(Given data Opens)

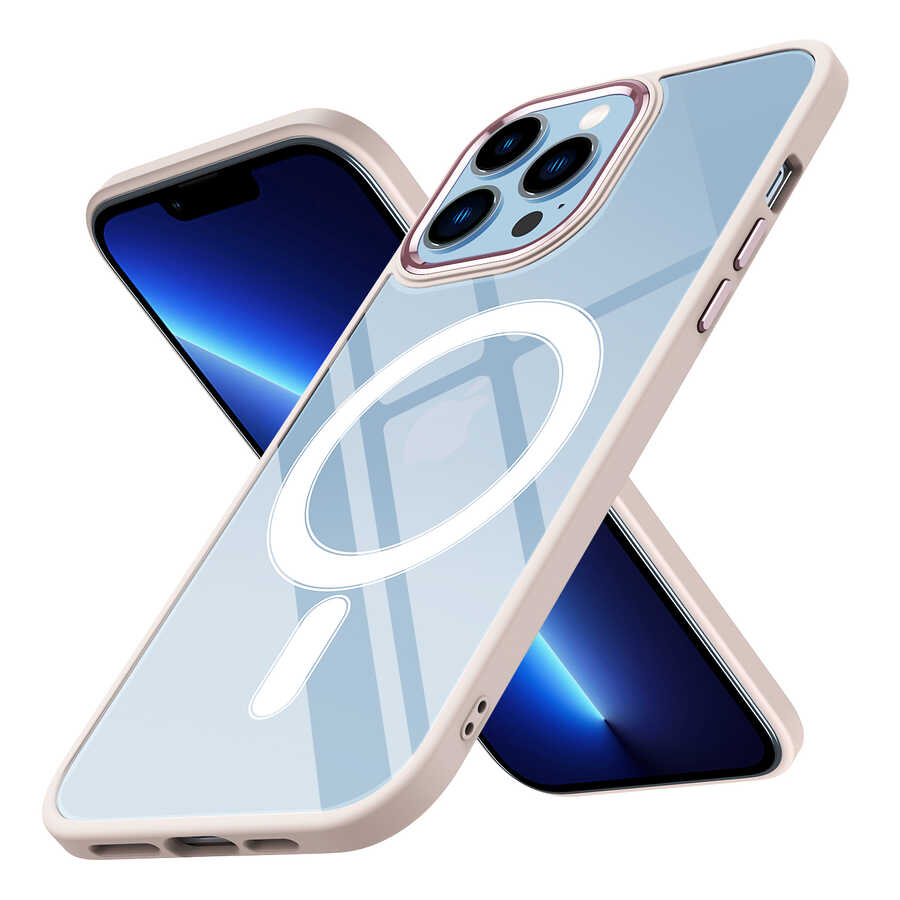 Apple iPhone 13 Pro Max Uyumlu Kılıf Wireless Şarj Özellikli Zore Krom M-safe Silikon Kapak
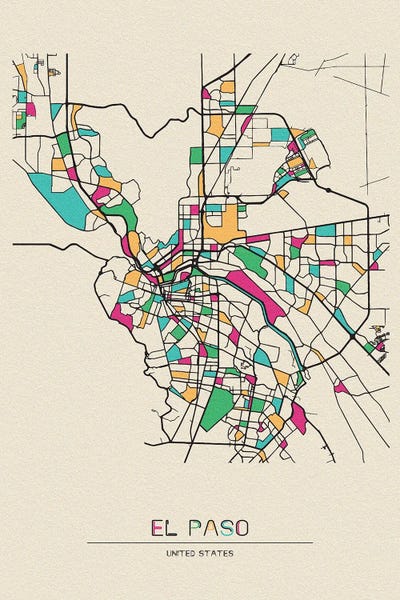 Ayse Deniz Akerman: El Paso, Texas Map by Ayse Deniz Akerman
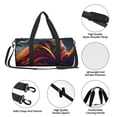 thumbnail image 4 of Fotbe Colorful Abstract Wave Motion Bolsa Deportiva de Lona Plegable con Estampado, Bolsa de Gimnasio con Bolsillo Seco/Húmedo, Bolsa de Viaje Ultraligera de Gran Capacidad, 4 of 6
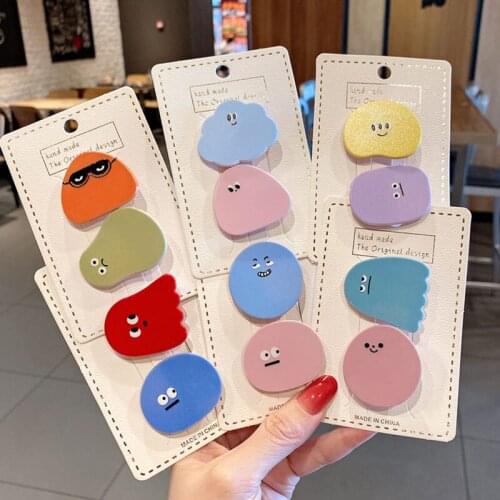 1 Set Lovely Funny Expression Hairpin Girl Hair Clip Acrylic Hair Pins Kids Hair Accessories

(Given data Closes)

Output the complete listing exactly. Pictures stay out.

Finished exercise:
 Apple iPhone 13 Pro Max Uyumlu Kılıf Wireless Şarj Özellikli Zore Krom M-safe Silikon Kapak
 Ayse Deniz Akerman: El Paso, Texas Map by Ayse Deniz Akerman
 thumbnail image 4 of Fotbe Colorful Abstract Wave Motion Bolsa Deportiva de Lona Plegable con Estampado, Bolsa de Gimnasio con Bolsillo Seco/Húmedo, Bolsa de Viaje Ultraligera de Gran Capacidad, 4 of 6
 1 Set Lovely Funny Expression Hairpin Girl Hair Clip Acrylic Hair Pins Kids Hair Accessories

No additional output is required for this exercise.